Battlepug, by Mike Norton, http://www.battlepug.com

While Mike Norton was a DC exclusive artist, he created an image for a t-shirt for the guys over at iFanboy. A few years later, and it evolved into one of the best ongoing webcomics on the internet right now. As the name suggests, the story of Battlepug has action, adventure, silliness, and pugs (which is kind of redundant, seeing how pugs are just silly to begin with). Entertaining through and through, the entire tale is being narrated by a tattooed naked woman known as Molly, giving her two dogs Colfax and Mingo quite the bedtime story.

We follow a Kinmundian warrior out for vengeance after his entire race was destroyed by a giant seal under the spell of some sort of dark magic. Very Conan the Barbarian-esque, our hero is sent into slavery for years to the King of the Northland Elves (Santa) before finally getting his revenge on the beast that slaughtered his family, and the King of the Northland Elves himself. Still craving revenge, the warrior continues on his journey though mystical lands, while meeting some interesting companions along the way.

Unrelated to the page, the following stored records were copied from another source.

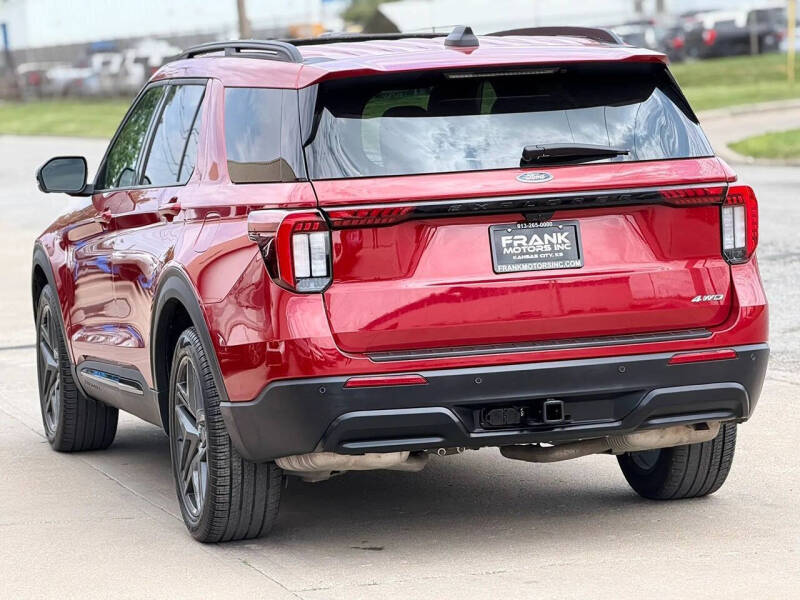 2025 Ford Explorer ST-Line
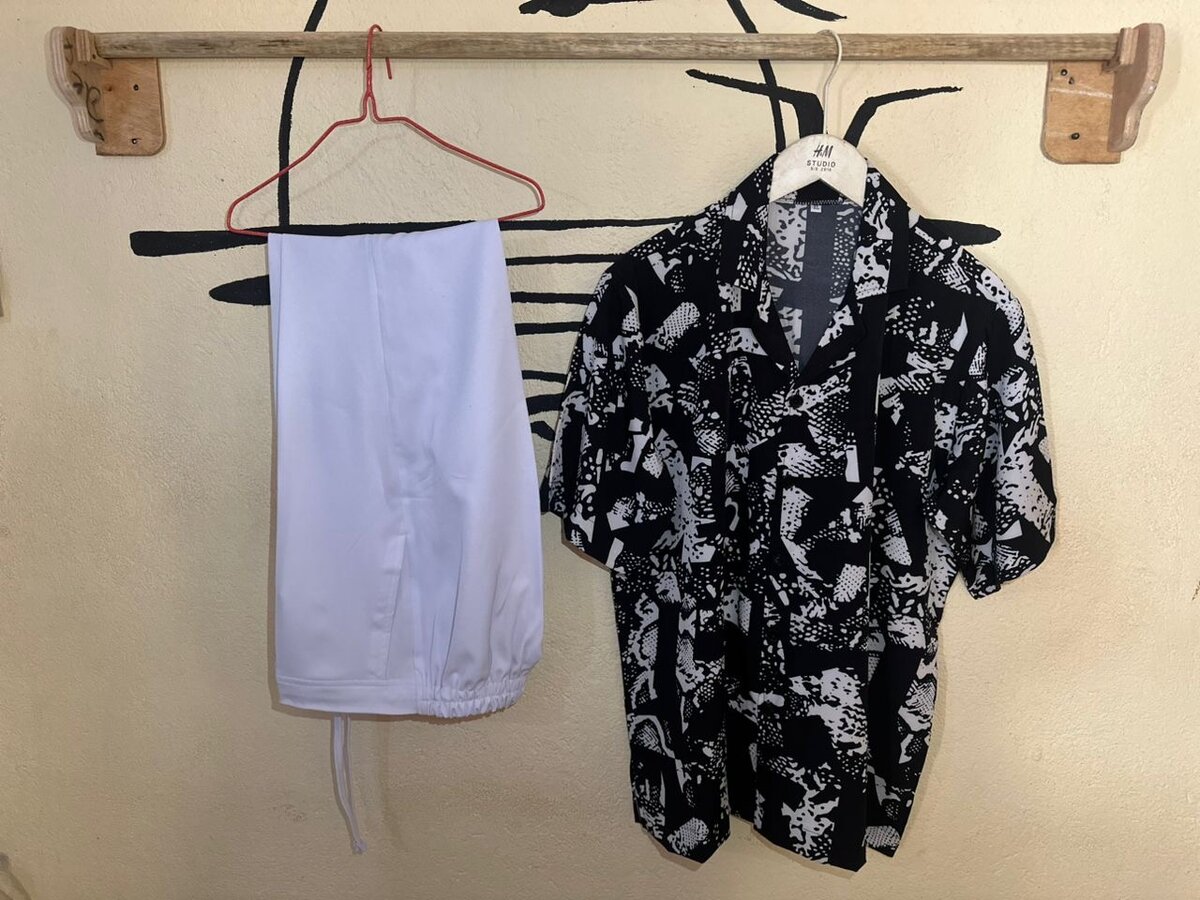 Ensemble chemise et shorts colorés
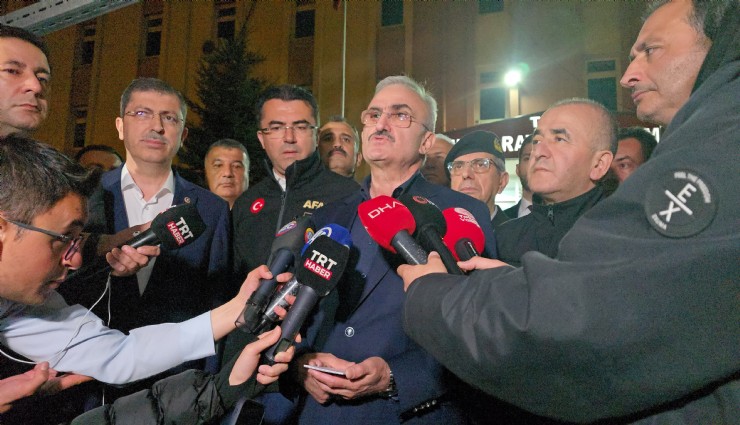 Bakan Yardımcısının basın açıklaması sırasında deprem oldu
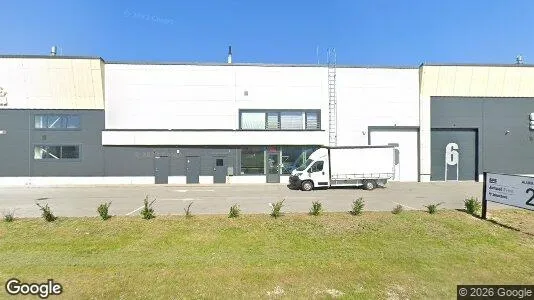 Nieruchomości komercyjne Do wynajęcia i Rae - Zdjęcie z Google Street View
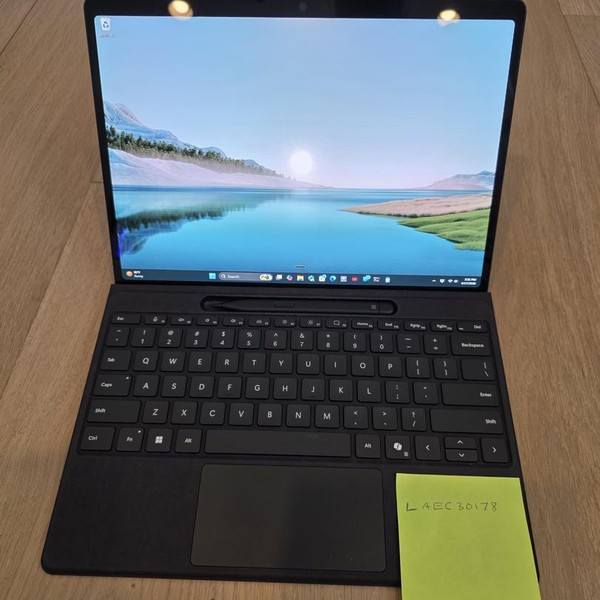 Microsoft Surface Pro 11 - 512 GB, Black, 16 GB, Snapdragon X Elite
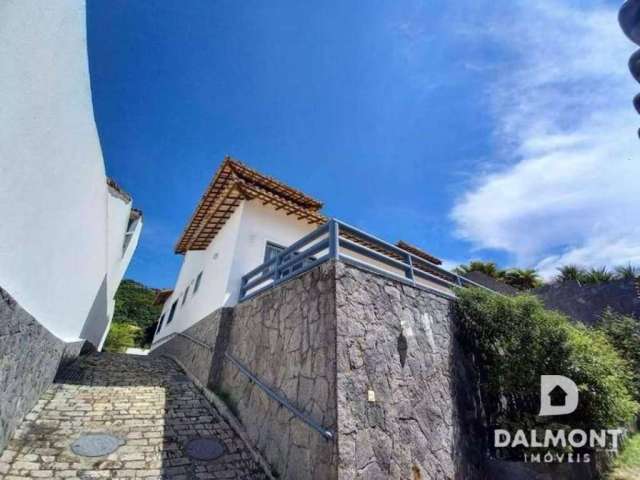 João fernandes - búzios - excelente casa duplex , à poucos metros da praia de joão fernandes.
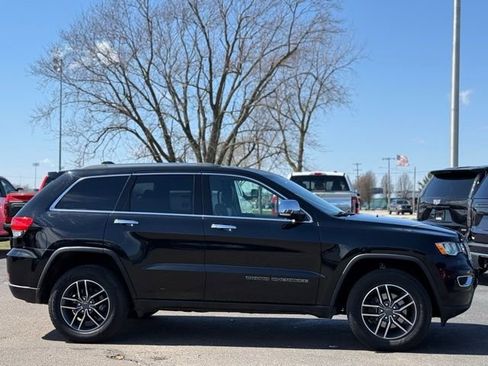 Used 2019 Jeep Grand Cherokee Limited image 37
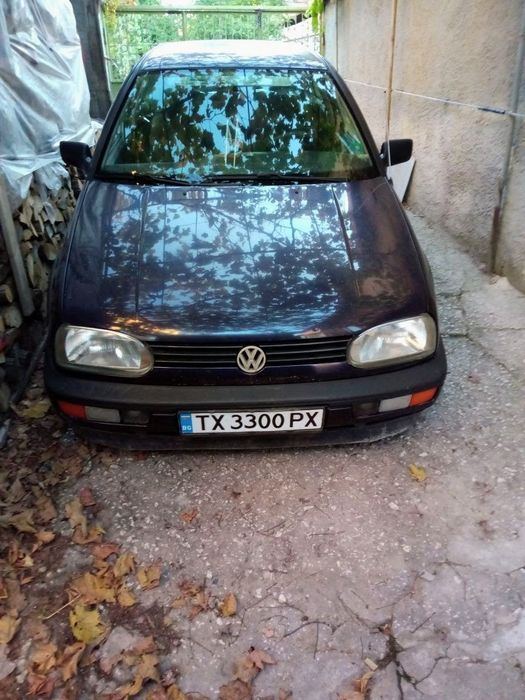 Продавам лека кола Голф 3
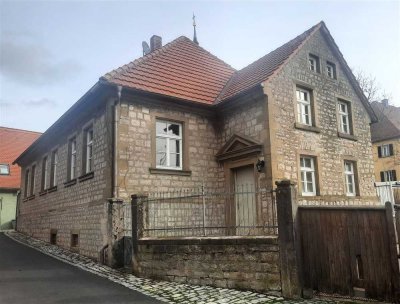 Ländliche Idylle - Charmantes Massivhaus im Weinparadies Hüttenheim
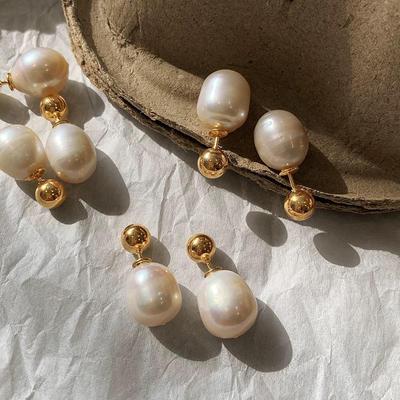 Elegant Freshwater Pearl Earrings: 925 Sterling Silver, Versatile and Fashionable Design for Women.
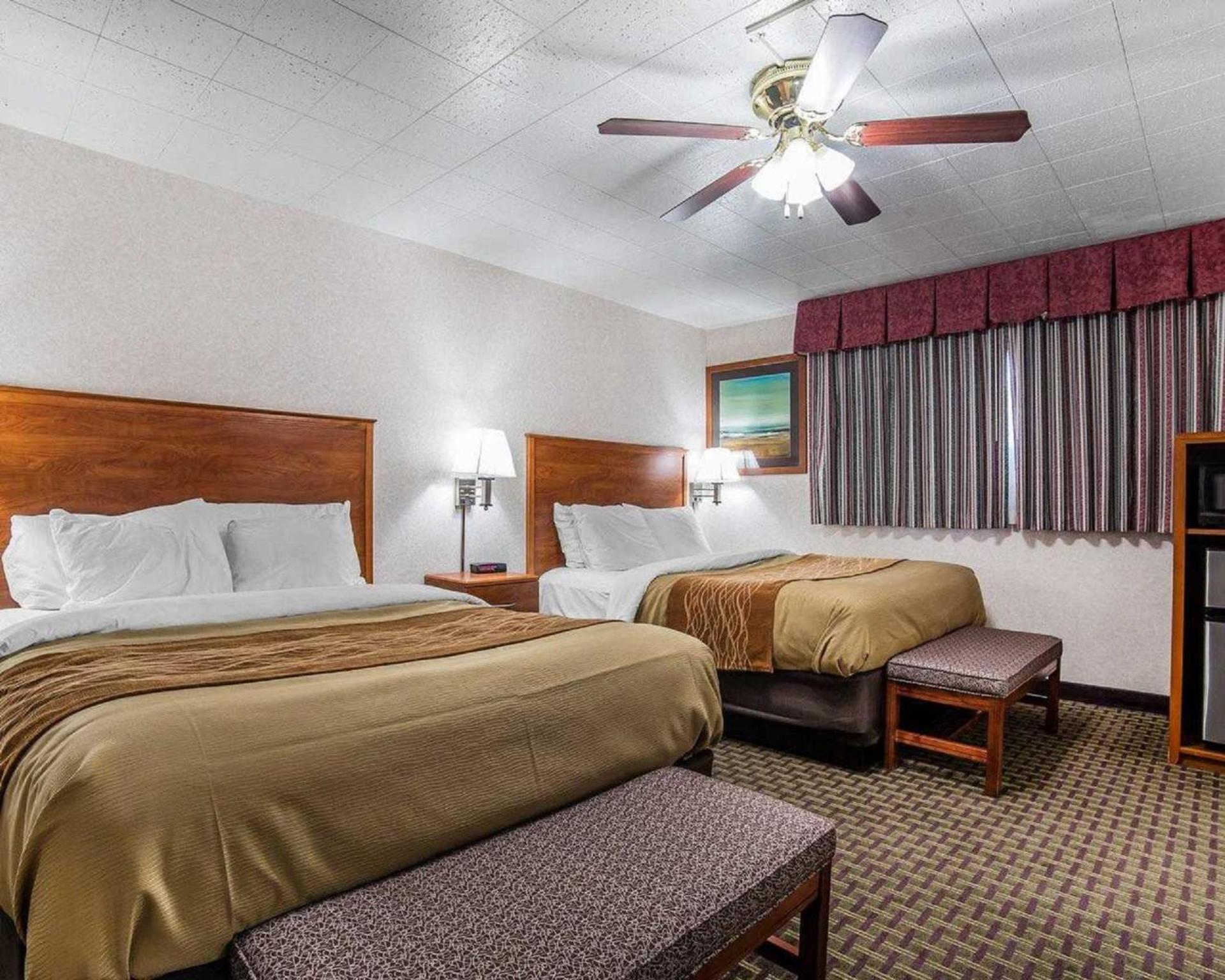Queen Room with Two Queen Beds - Non-Smoking - Photo 6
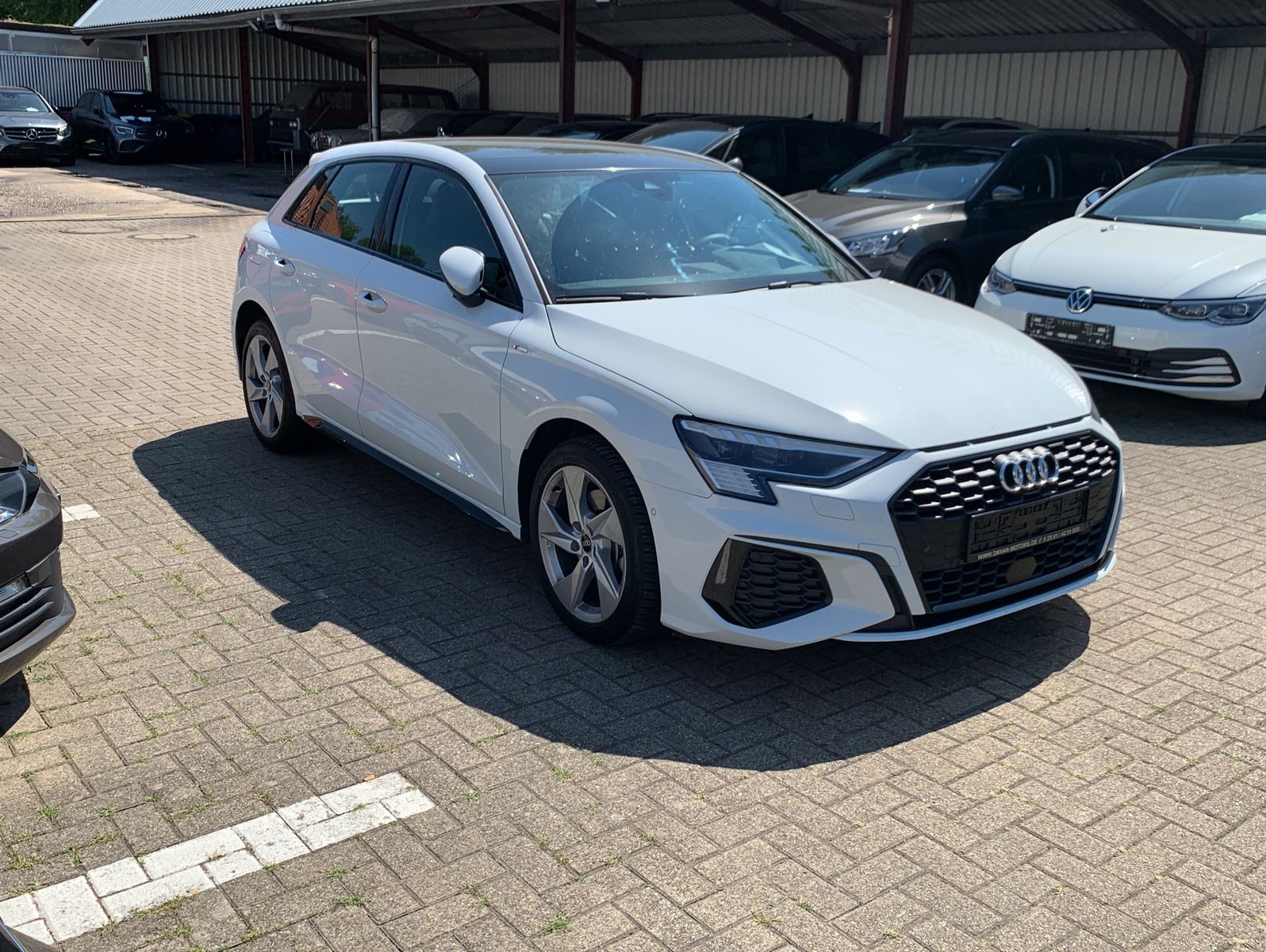 Audi A3 Sportback 40 TFSI e S line Pan Matrix Head imagem 2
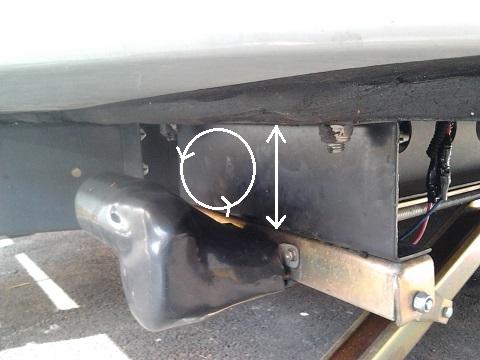If the levelling motor on the leg catches the caravan when installing the leg.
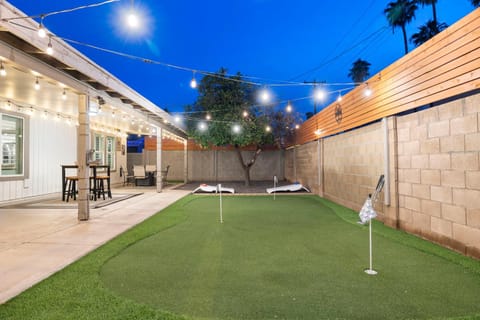 Sanctuary W Hot Tub, Fire Pit, & Dog Friendly House in Tempe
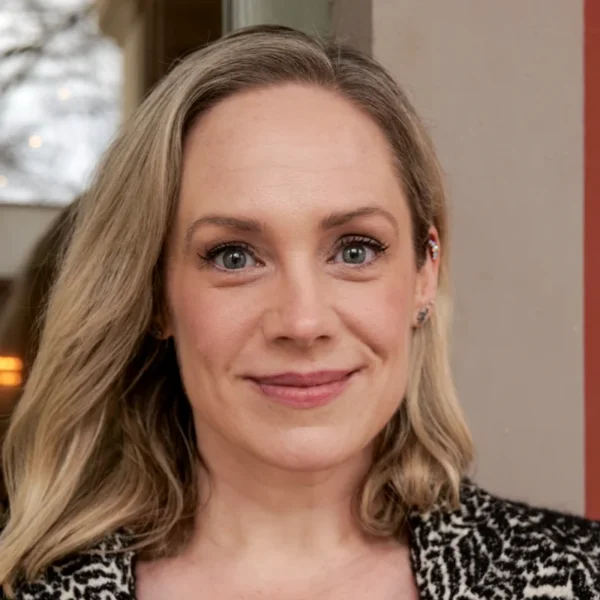 Portrait Thea Schütte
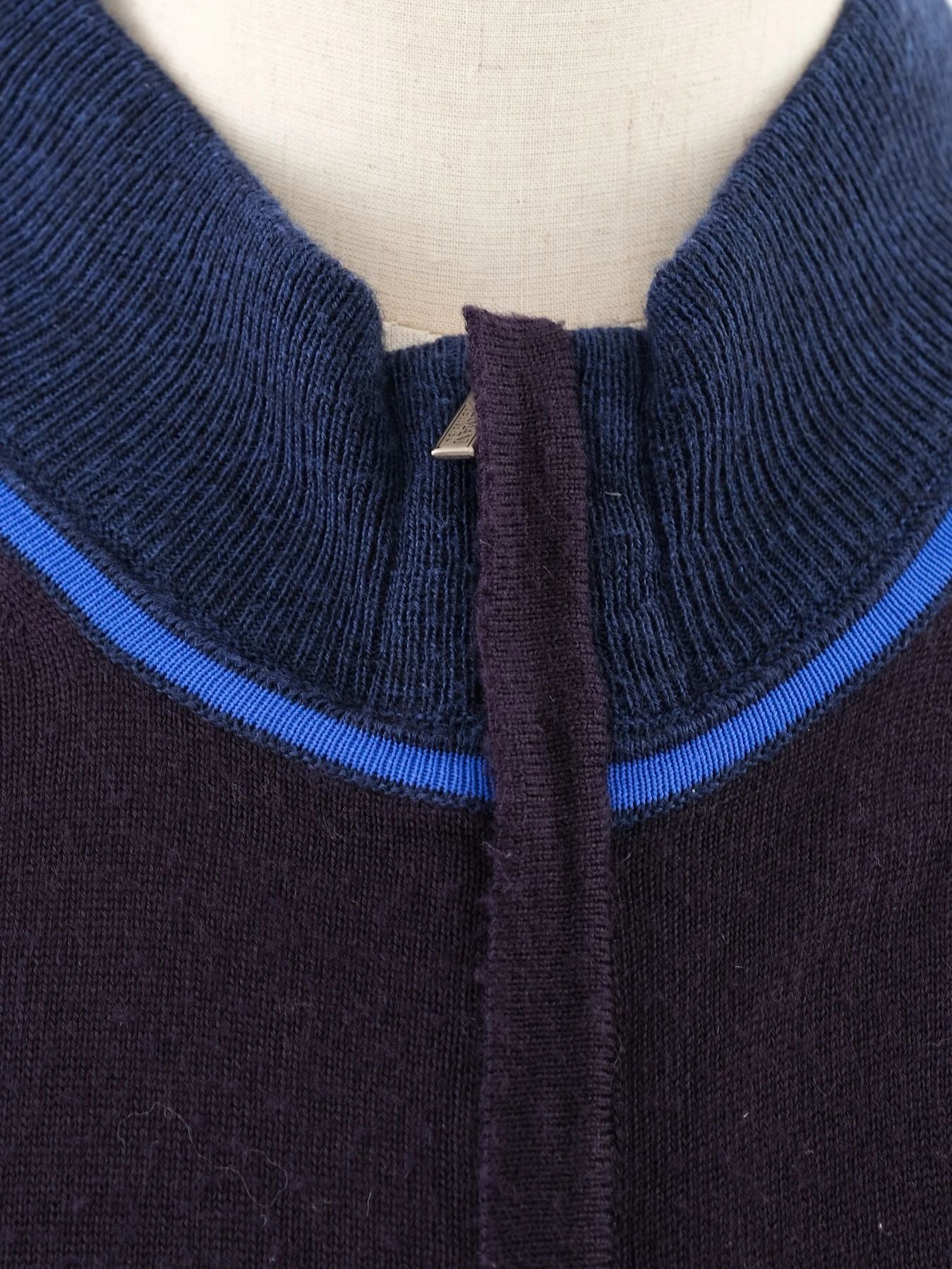 Excellent Armani Collezioni Dark Blue & Black Wool Cardigan Size XL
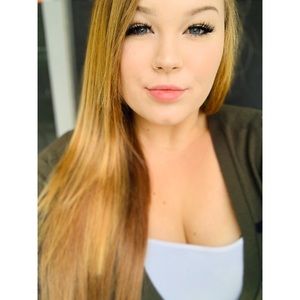 Meet your Posher, Alyssa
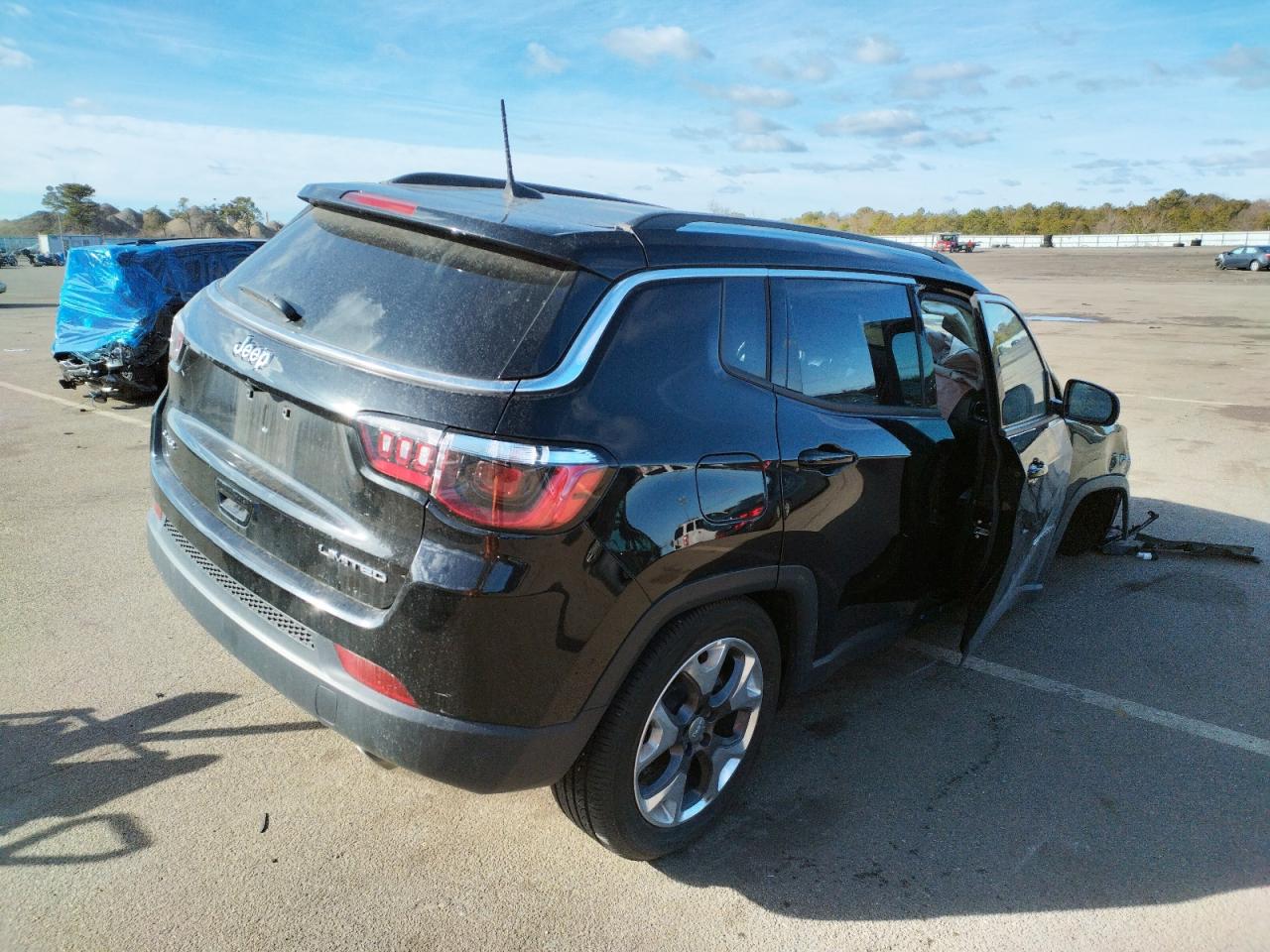 Photo 4 from auction – 2020 JEEP COMPASS LI with VIN 3C4NJDCB1LT244447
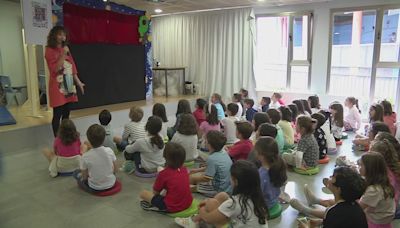 Una obra de títeres con internos de A Lama llega a los colegios de Vigo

I remember being very excited for this webcomic before it began, for Mike Norton is a magnificent artist who I’ve admired for years. With Battlepug, he proves that he’s more than just a pretty face; the dude has quite the imagination when it comes to epic storytelling as well. Although it only updates every Monday, it’s the perfect way to start out your work week with a glorious splash-page of giant pugs, bloodbaths, and the good old “Scribbly Scrabbly!” every now and then.

With such high quality art and story, it’s no wonder why Dark Horse will be collecting the first volume later this year.

Who could win: Delilah Dirk and the Turkish Lieutenant, by Tony Cliff, http://www.delilahdirk.com

Who I think should have been nominated: Bucko, by Jeff Parker and Erika Moen, http://www.buckocomic.com

Best Reality-Based Work

Around the World, by Matt Phelan (Candlewick)
Green River Killer: A True Detective Story, by Jeff Jensen and Jonathan Case (Dark Horse Books)
Marzi: A Memoir, by Marzena Sowa and Sylvain Savoia (Vertigo/DC)
Onward Towards Our Noble Deaths, by Shigeru Mizuki (Drawn & Quarterly)
Vietnamerica, by GB Tran (Villard)

Who I think should win:

Green River Killer: A True Detective Story, by Jeff Jensen and Jonathan Case (Dark Horse Books)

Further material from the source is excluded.